5 Ways the Silent Treatment Is Really Damaging (And How to Deal with It)

I’m sure you’ve all heard of the silent treatment. It’s a method of psychological punishment and manipulation we’ve all probably used or experienced at some point, whether we were aware of it or not. This applies to any relationship—romantic, friendships, familial, coworker relationships, and even interactions with strangers.

In this article, I’m going to explain to you why people use silent treatment to ignore people in a relationship, how serious the consequences of silent treatment can be, and how you can deal with it. When you understand more about the reasons why people do this and how bad it really is, you will learn to solve problems in your relationship in a different and positive way.

Silent Treatment — What It Is and What It’s Not

But here’s the thing about blatantly ignoring someone: not only is it rude, immature, inconsiderate, cruel, and petty, it’s downright emotionally (and sometimes physically) damaging.

Ignoring someone is not an act of love.

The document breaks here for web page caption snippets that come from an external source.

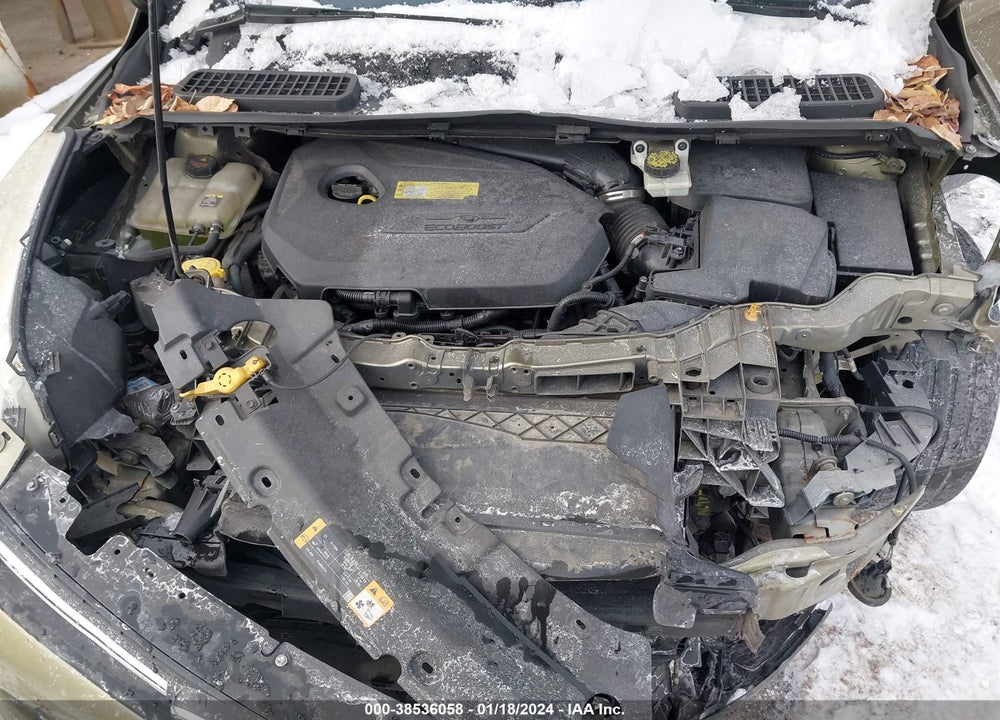 2013 FORD ESCAPE SE VIN: 1FMCU0GX3DUD91112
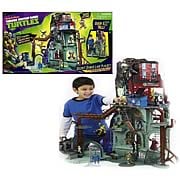 Teenage Mutant Ninja Turtles Secret Sewer Lair Playset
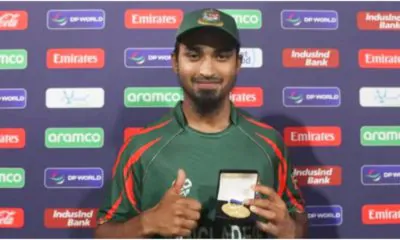 তানজিম হাসান সাকিব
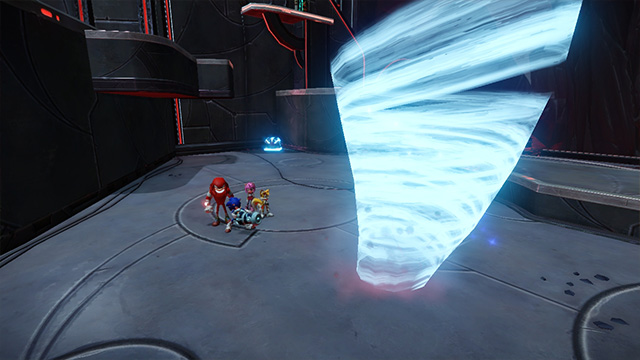 Screens Sonic Boom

In fact, it qualifies as abuse:[1]

    Just because you are not using your hands doesn’t mean you can’t irreparably hurt someone else. Ignoring someone is also not a strategy, it’s just a flat out disregard for someone else’s feelings.

    It might be hard to read what I have to say, based on my own experiences and some research on the various effects of the silent treatment. But I’m writing this because it’s so, so important.

    There are people who take the silent treatment to extremes. No one should ever be treated this way, or feel like they have to put up with this kind of behavior in someone else because it is most definitely not okay. It is also not something you can just “get over” or  “just move on” from because it stays with you.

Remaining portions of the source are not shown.